“[Hardy] made a good throw and we were in business, and Wieters, there was no way he was getting by him,” Jones said. “That was the game-saver. It allowed us to win. It uplifted the whole team. The whole team came off the bench after the bottom of the 16th. We were all pumped. That was the energy we needed.”
In the next half-inning, Jones launched his team-high eighth homer of the season over the Green Monster in left field off Darnell McDonald, another position player who was forced to the mound. Jones became the first Orioles player to hit a home run in the 17th inning or later since Andy Etchebarren in 1967.
Davis, who hadn't pitched since his days at Navarro (Texas) College — he did sign a letter of intent to pitch at Arkansas before being drafted by the Rangers — dodged trouble in the 17th, putting two runners on with no outs.
But he struck out slugger Adrian Gonzalez on three pitches and then induced a double-play ball from McDonald to end the game.
“He actually had good stuff, man,” McDonald said of Davis. “I was impressed. He had a lot of life on his ball, more than I expected. I don't know what's worse, giving up the three-run homer or grounding out into a double-play to end the game. He got the win and hat's off to him.”
Davis saved two game balls, one from his first strikeout and the game ball from the final out. The Orioles celebrated in the Fenway Park visiting clubhouse by giving Davis a shaving cream pie and a dousing him with beer.
“Oh yeah,” Jones said matter of factly. “He got his first major league win.”
The Orioles had their opportunities in extra innings, putting the leadoff runner on base in the 10th, 11th, 12th, 13th and 15th innings, but couldn't advance in either inning. The Orioles grounded into four extra-inning double plays and six for the game.
Despite the end of its 232/3 scoreless-inning streak, the Orioles bullpen lowered its season ERA to a major-league best 1.41. They allowed just one run in 122/3 relief innings on the day and the Orioles received a pair of two-inning scoreless stints from Pedro Strop, Kevin Gregg, Matt Lindstrom and closer Jim Johnson. Lindstrom and Johnson haven't allowed an earned run this season in a combined 252/3 innings.

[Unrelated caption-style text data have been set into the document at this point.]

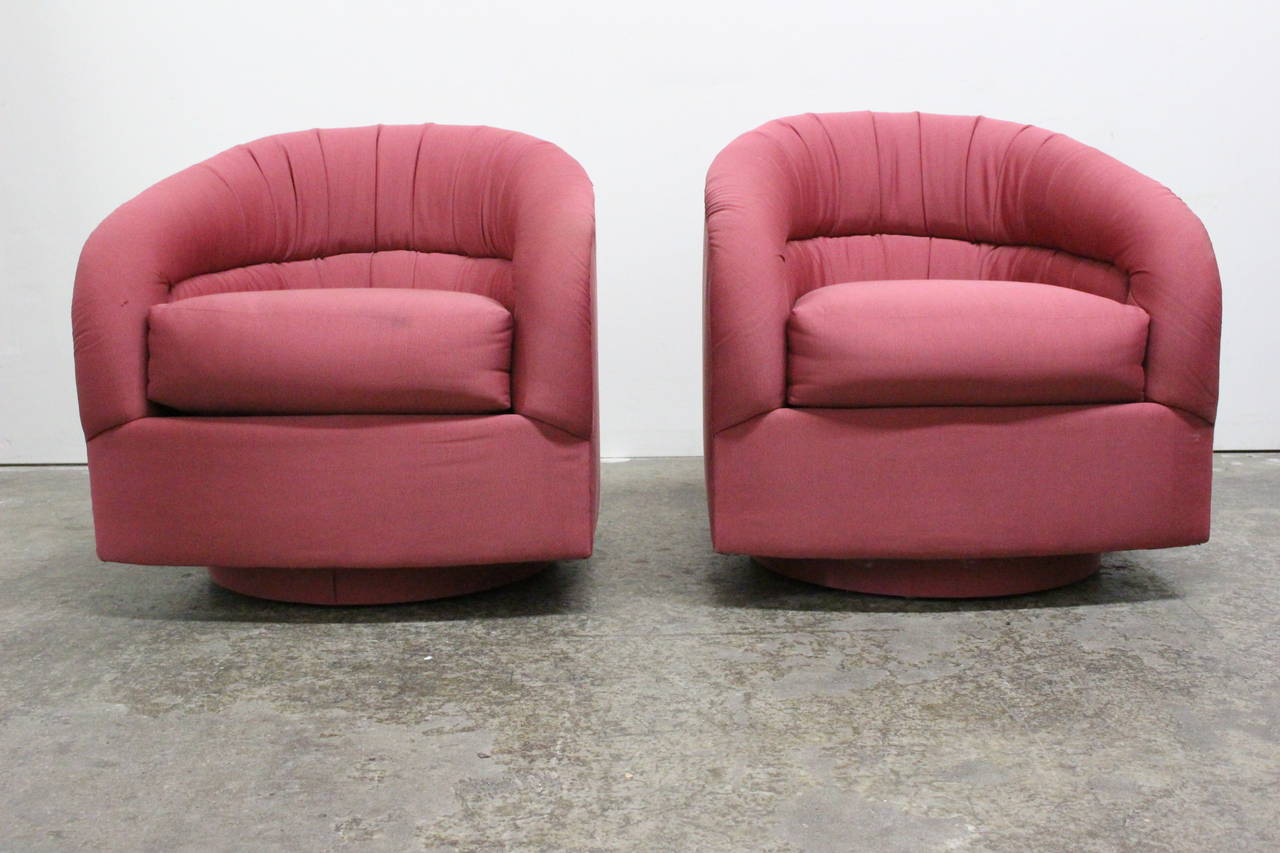 Pair of red swivel chairs by Directional. Swivel plinth base upholstered in same upholstery fabric.

Dimensions: 28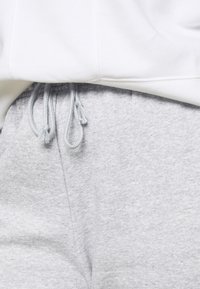 Calças de moletom cinzentas com uma textura suave, apresentando um fio de ajuste na cintura com borlas cinzentas claras, combinadas com um hoodie de fleece branco.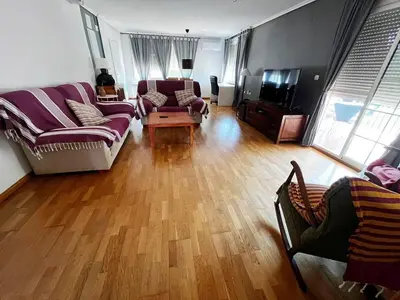 a living room with a purple couch and a wooden floor at Casa Mallaeta in Puebla de Vallbona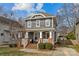 Two-story craftsman home with gray siding, brick accents, and a welcoming front porch at 3319 Holt St, Charlotte, NC 28205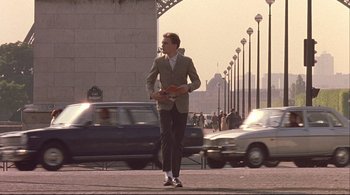Movie still from “The Dreamers” (2003), directed by Bernardo Bertolucci – A man is walking down the street holding a book in his hand; Wide shot, Low angle
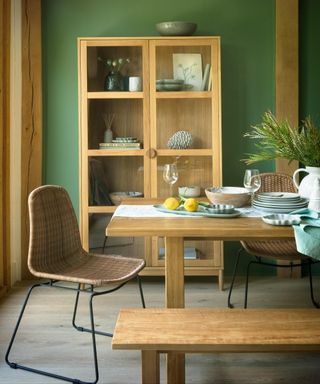 Sage green painted wall, glass-front wood cabinet, and coordinating table and bench.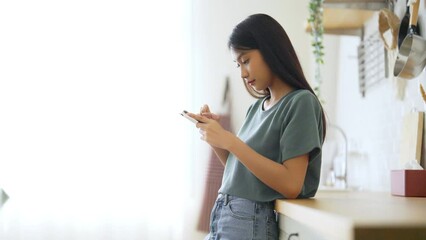 Poster - Happy young asian woman relaxing at home. Asia female standing at counter kitchen and using mobile smartphone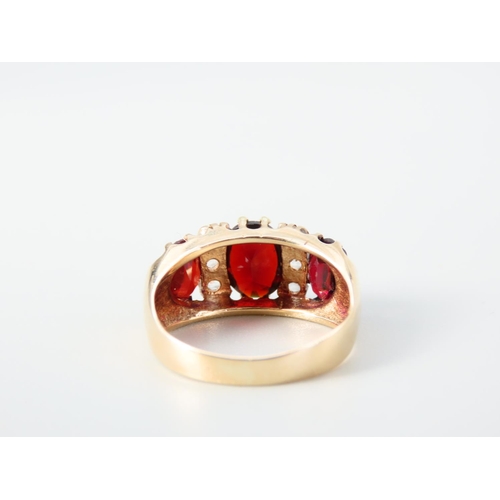 352 - Three Stone Garnet Ladies Ring Mounted on 9 Carat Yellow Gold Band Ring Size N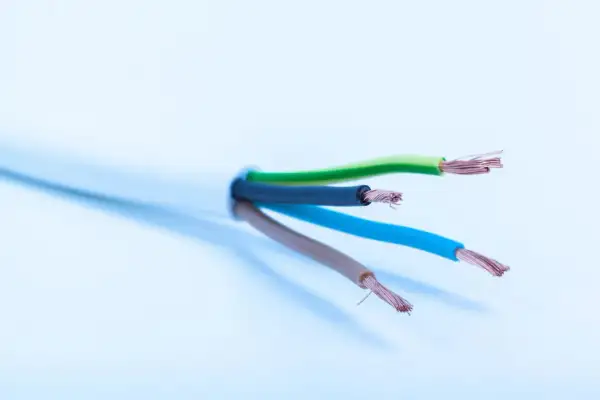 Cztery żyły kabla elektrycznego: zielona, czarna, niebieska i brązowa, gotowe do podłączenia oświetlenia.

The game was long enough that the Orioles bullpen began a new streak of nine scoreless innings, including two from Davis.
“It starts with our pitching,” said Orioles shortstop J.J. Hardy, who homered twice and set a new career high with five hits. “Our pitching has been unbelievable, and that gives us a chance to go out there and score just enough runs. As long as our bullpen keeps doing what they're doing and our starters are going deep into ballgames, we've got a pretty good team here.”